La sur-rémunération qui rend ces actifs attractifs s’accompagne de risques plus importants que l’on peut, et que l’on doit, analyser et essayer de contrôler en s’interrogeant, au-delà de ratios financiers, sur la qualité des projets comme de la gouvernance. Un autre élément important est la robustesse de l’entreprise. Le cycle de vie d’une entreprise n’est pas linéaire, mais des événements tels que la crise de 2008, permettent d’étudier sa résistance à une période de stress. S’il y a peu de défauts actuellement dans le marché de la dette privée par exemple, les défauts ont été très nombreux dans le marché du transport maritime (shipping) et d’une manière générale, d’autres défauts vont sans doute se produire, probablement lorsque la Banque Centrale Européenne réduira ses mesures non conventionnelles. Cependant ces marchés étant des marchés de gré à gré, il est possible de négocier avec l’émetteur (directement ou par l’intermédiaire d’une banque) des conditions plus favorables de couverture en cas de défaut. Au-delà de ces risques micro, l’environnement macroéconomique est également à prendre en compte. Ainsi, la baisse des taux que l’on a pu observer au cours des trente dernières années a été plutôt favorable aux actifs illiquides, attirant de nombreux investisseurs en recherche de rendement, amenuisant d’autant les primes d’illiquidité.

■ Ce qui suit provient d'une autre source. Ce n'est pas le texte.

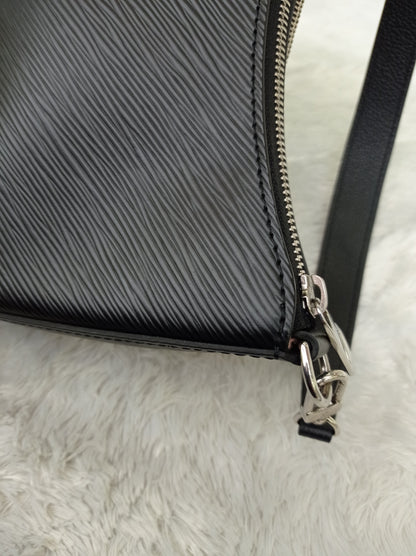 LV Marelle NM Epi Noir (CHIP)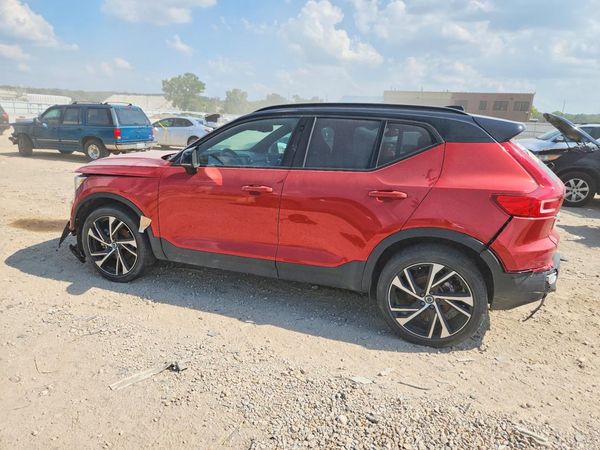 2020 VOLVO XC40 R-Design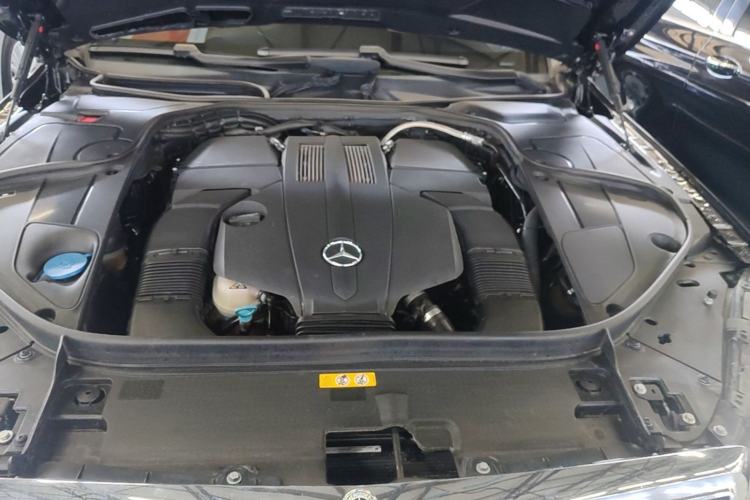 Used Mercedes-Benz S-Class 2014 S 320 L Business Model Engine Bay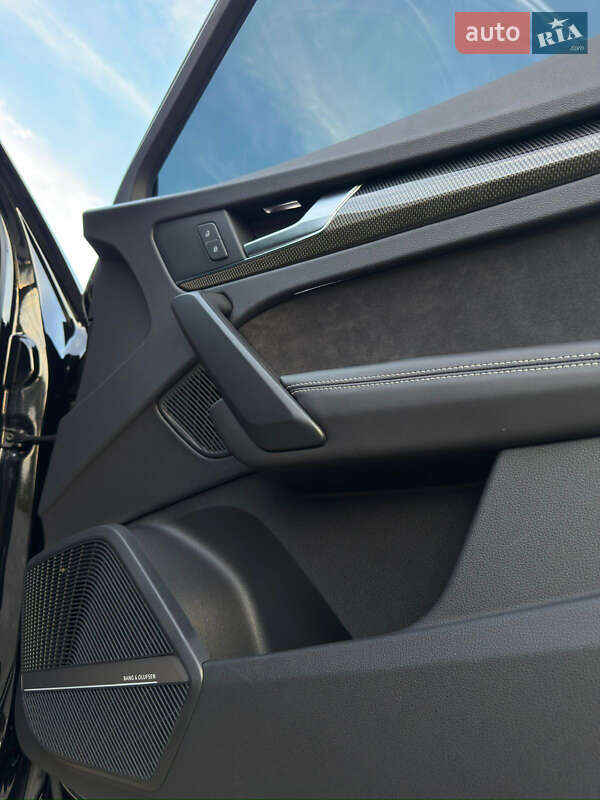 Внедорожник / Кроссовер Audi SQ5 2017 в Кривом Роге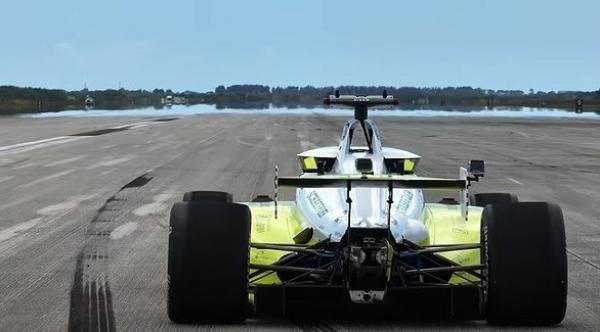 سيارة ذاتية القيادة تصل سرعتها إلى 192.2 ميل في الساعة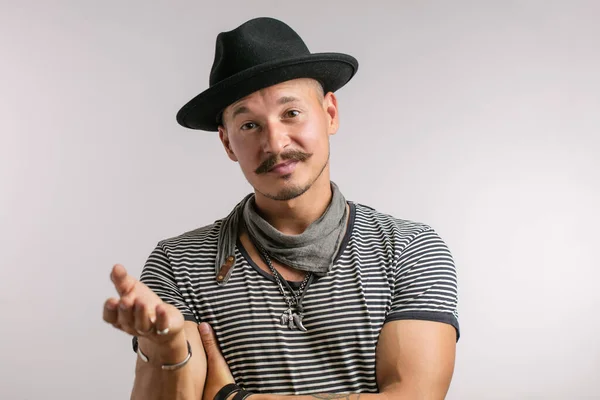 Closeup of confident happy man over studio white background — Stock Photo, Image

Pour Olivier Renault, une remontée des taux peut évidemment inverser les mouvements de capitaux, qui pourraient quitter ces marchés pour se tourner vers des actifs plus simples et moins risqués. Et si la création de valeur liée à la baisse des taux a masqué les imperfections et sans doute aussi empêché les innovations, une remontée des taux peut fragiliser certains acteurs mais pas spécifiquement ceux liés aux actifs illiquides.

Un futur entre demande croissante et démocratisation

Les actifs illiquides resteront attractifs car ils offrent, comme nous l’avons vu, rendement et diversification. Ils nécessitent toutefois une réelle expertise et d’autant plus qu’ils ne forment pas une classe homogène d’actifs. Ainsi, par exemple, l’industrie de transport maritime a connu de nombreux défauts qui ont pu décourager le secteur bancaire en matière de financements. Après une restructuration importante, ce marché est à nouveau en plein essor et propose des investissements potentiellement attractifs d’autant plus que la concurrence est peu importante. Plus généralement, ces marchés continuent de se développer et de se démocratiser en s’ouvrant à d’autres investisseurs. Ainsi, la volonté des pouvoirs publics de faciliter le financement de l’économie pourrait amener assureurs et banquiers à offrir davantage de supports, notamment dans le cadre de l’assurance vie, investis en actifs réels ou illiquides. Du fonds de capital-risque à ceux de dettes, des solutions d’investissement ont déjà été mises en place par le biais de fonds de co-investissement pour certains types de particuliers mais restent limitées, comme le précise Matthieu Baret. Dans un avenir proche, nous devrions assister simultanément à une plus grande structuration de ces moyens d’investissement et au développement d’une véritable expertise aussi bien du côté des gérants que des investisseurs et des institutionnels. Pour finir, la garantie actuelle de rendement offerte par le secteur des assurances vie poussera intrinsèquement vers ce type d’actifs potentiellement plus rémunérateurs, mettant néanmoins toujours en avant les limites du modèle actuel qui garantit des rendements sans prise de risque.